Depois desse drama, resolvi trocar de carro. Fui a uma concessionária e escolhi um zero quilômetro que me agradou sob todos os aspectos, inclusive o financeiro. Finalmente chegara o dia de mostrar o carro aos meus amigos. Alguns já haviam me visto dirigindo o bólido e não pouparam elogios: “É muito bonito. Tem linhas modernas! É novinho em folha!” Aí alguém falou, voz firme e forte: “É 2008”. E repetiu: “2008”. Quem não conhecia o carro se entreolhou atônito. Aqueles que o conheciam reagiram: “Engano seu. O carro é zero, novinho em folha!”. Estava criada a confusão.

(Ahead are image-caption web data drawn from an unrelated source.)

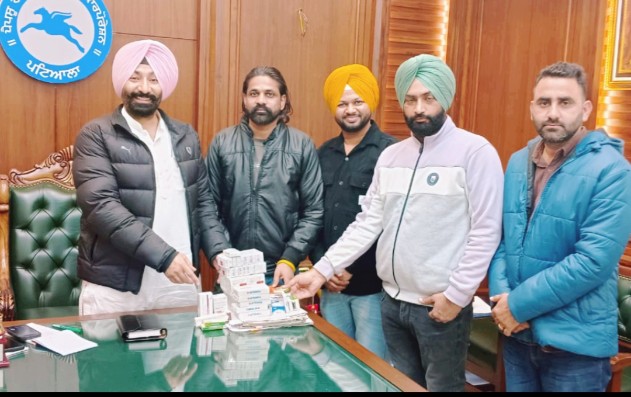 रणयोध हडाना ने रोगी मित्रा की सेवाओं को देखते हुए दवाएँ भेंट कीं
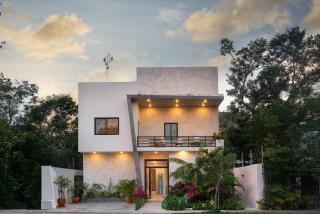 Aesthetic luxury villa in prestige zone Aldea Zama - 0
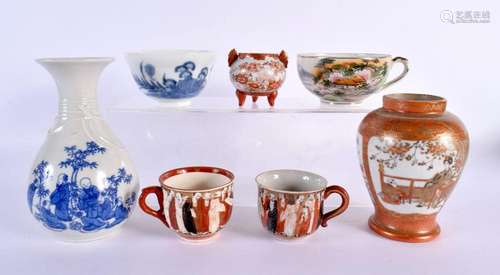 A GROUP OF 19TH/20TH CENTURY JAPANESE MEIJI PERIOD PORCELAIN...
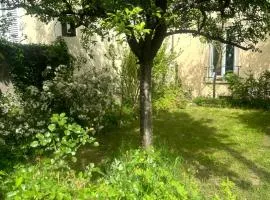 Maison avec Jardin proche Porte Maillot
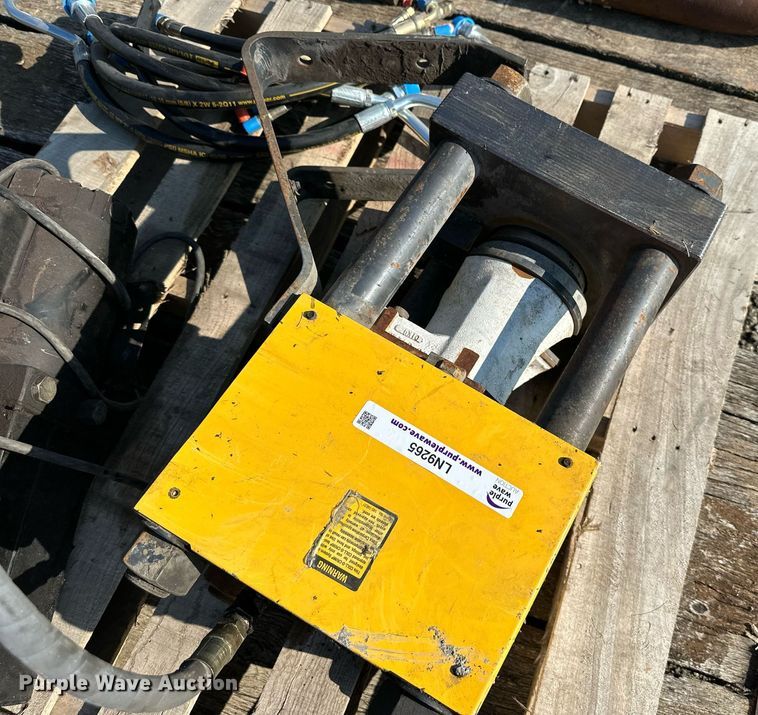 image for item LN9265 Coll-O-Crimp T-400  hose crimper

Como eu conhecia o “artista” de longa data, logo percebi qual seria o enredo daquele espetáculo. Preferi ficar em silêncio, aguardando os acontecimentos. Quando o rapaz do contra afirmou “eu aposto”, apenas como força de expressão, os opostos resolveram fazer uma aposta. Que começou com meia dúzia de garrafas de cerveja e logo se transformou em quatro caixas. Era muita cerveja! Alguém sugeriu: “Vamos fazer um bolão!” Entretanto, logo surgiu um problema: se ele ganhasse, ficaria com os bolsos cheios. Mas, se perdesse, não encheria o bolso de ninguém. Nesse momento, alguém deu uma ideia mais prática: conferir o carro. Quando o grupo se aproximou do veículo, todo mundo deu um sorriso, inclusive o “teimoso”. Ao cessarem os comentários, um silêncio sepulcral tomou conta do ambiente e criou uma grande expectativa para a explicação dele: “Eu jamais disse que o carro não era zero. Eu afirmei, e reafirmo agora, que ele é 2008. Algumas montadoras dão nomes aos seus carros: Gol, Opala, Ônix etc. O fabricante desse carro novo usa números para denominar seus modelos: 208, 308, 3008 etc. O veículo não foi fabricado em 2008, como vocês entenderam, mas é um 2008”. E, com um sorriso vitorioso estampado na face, apontou para a traseira do veículo. Lá estava, em chamativas peças de metal cromado, o motivo de todo aquele rebuliço: o carro zero quilômetro realmente é um 2008!